**RECORDS FOR THE TASK:**

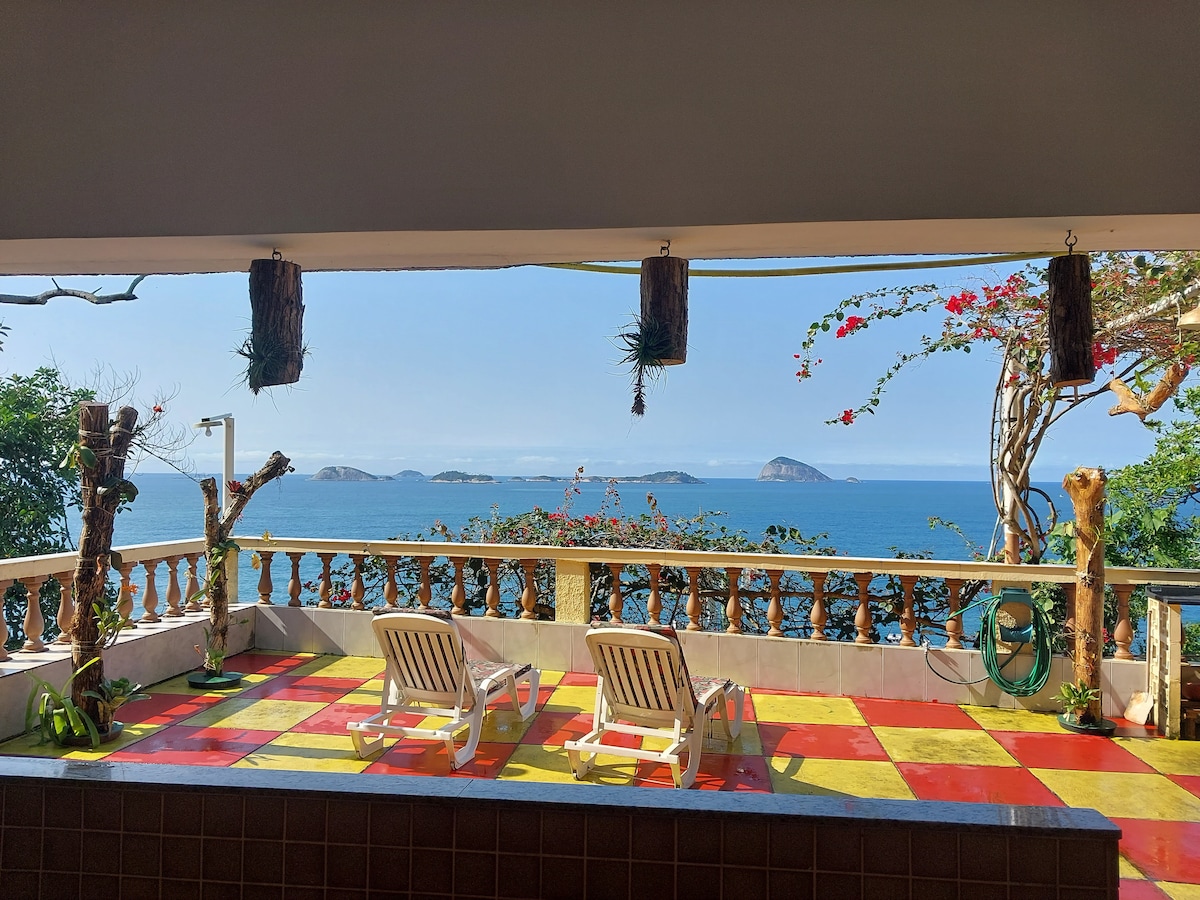 A spacious terrace features two lounge chairs overlooking a vibrant blue ocean. Colorful tiles in red and yellow cover the floor, while flowers and greenery embellish the railings. The scene is framed by distant islands on the horizon under a clear sky.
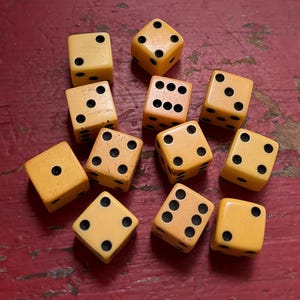 May include: A collection of eleven yellow six-sided dice with black pips scattered across the surface. Each die features standard numerical markings from one to six, with varying orientations showing different face values across the group.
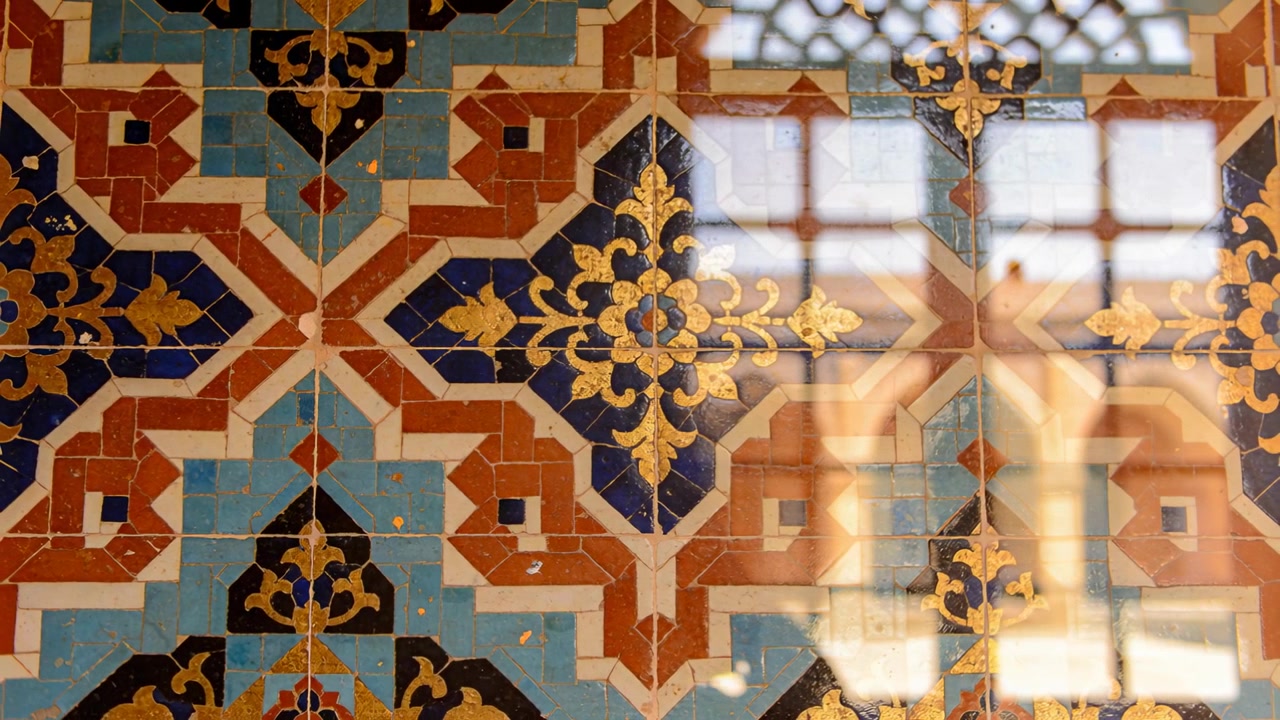 Catching brightening window light, tile panel reflecting faint figure in glossy glass at palace
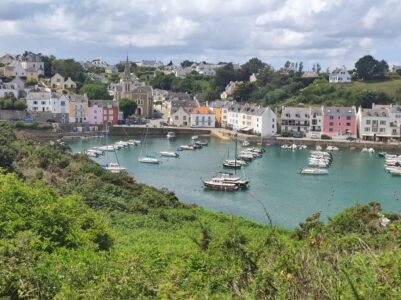 Paysage de Sauzon le long du GR340 à Belle-Île-en-Mer, France, avec des bateaux et des bâtiments colorés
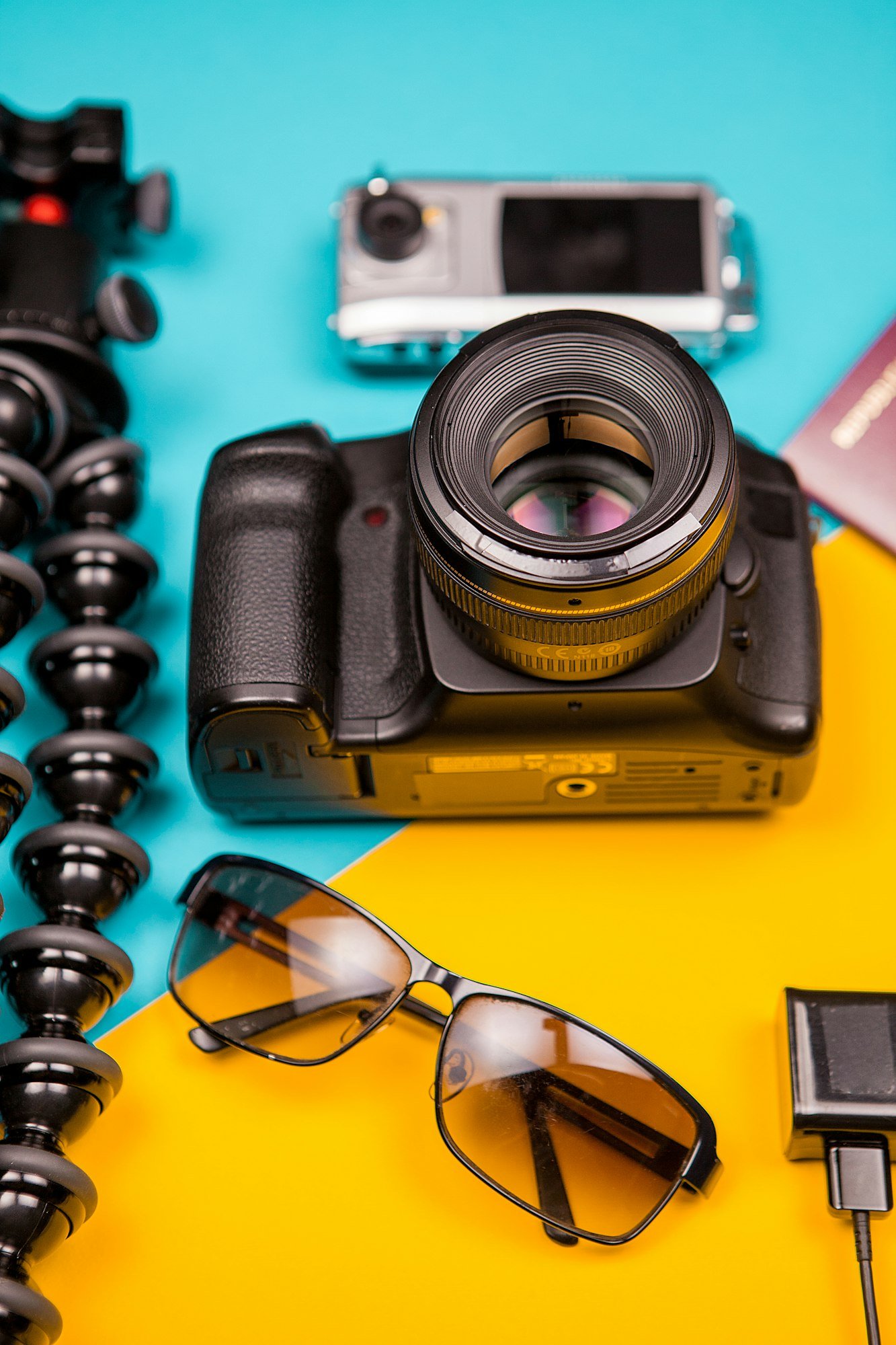 DSLR and action camera next to a tripod, sunglasses and passport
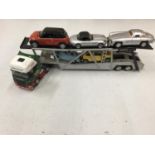 A MODEL CAR TRANSPORTER WITH FIVE ASSORTED CARS ON BOARD TO INCLUDE A MERCEDES 300SL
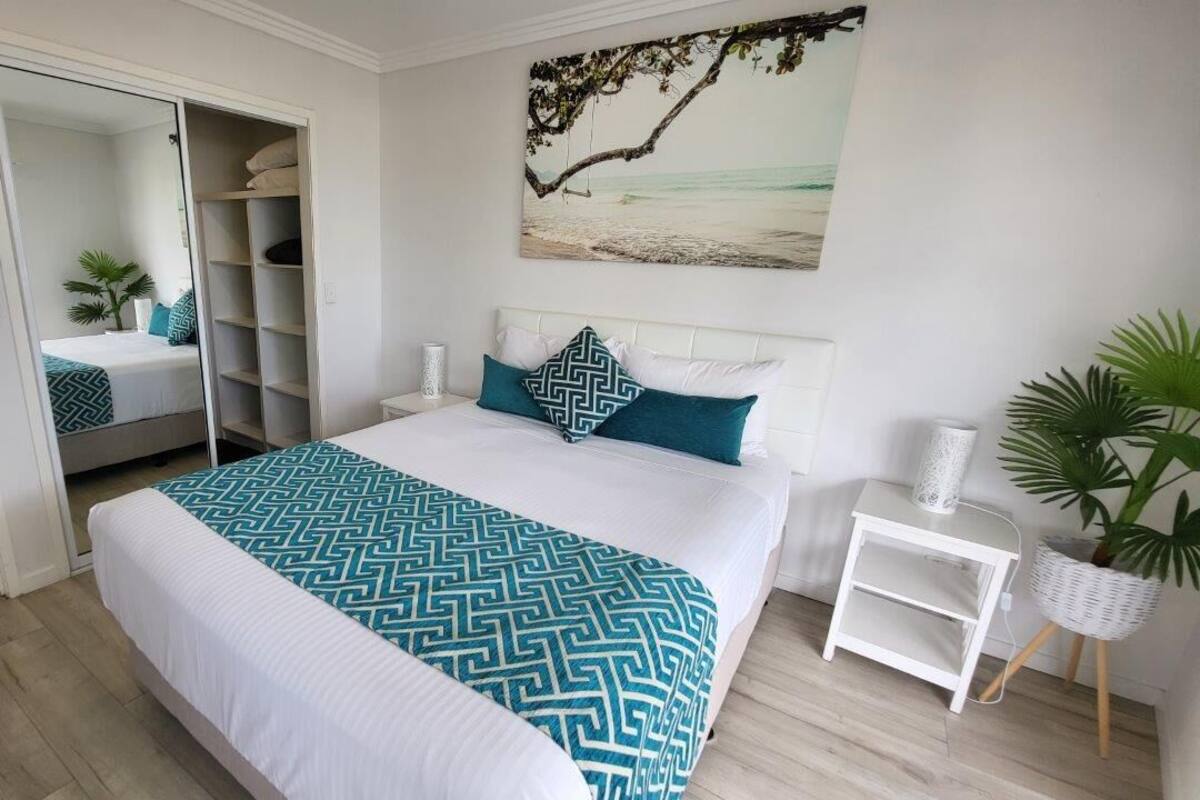 A bedroom with a bed, a wardrobe, a nightstand, and a potted plant.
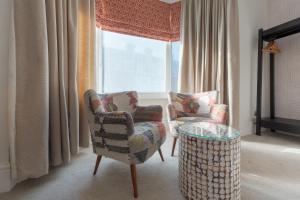 ポーツマスにあるFlorence Suite Boutique Hotel and Restaurantの窓のある客室で、椅子2脚とテーブル1台が備わります。
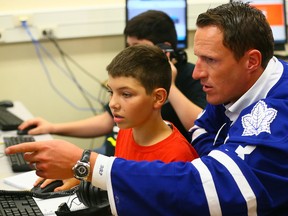 Maple Leafs captain Dion Phaneuf helps out Satchel Gore, 12, during the NHL and NHLPA Future Goals Program that helps students build their science, technology, engineering and math (STEM) skills at Glen Ames Sr. Public School in Toronto on Tuesday, Sept. 8, 2015. (Dave Abel/Toronto Sun)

**WHAT IS BEING ASKED:** Please return the data above exactly as it stands from the line with "Paysage de Sauzon" to the line with "ポーツマスにあるFlorence Suite Boutique", keeping both of those lines but none of the pictures.

**RESPONSE TO THIS EXERCISE:**
 Paysage de Sauzon le long du GR340 à Belle-Île-en-Mer, France, avec des bateaux et des bâtiments colorés
 DSLR and action camera next to a tripod, sunglasses and passport
 A MODEL CAR TRANSPORTER WITH FIVE ASSORTED CARS ON BOARD TO INCLUDE A MERCEDES 300SL
 A bedroom with a bed, a wardrobe, a nightstand, and a potted plant.
 ポーツマスにあるFlorence Suite Boutique Hotel and Restaurantの窓のある客室で、椅子2脚とテーブル1台が備わります。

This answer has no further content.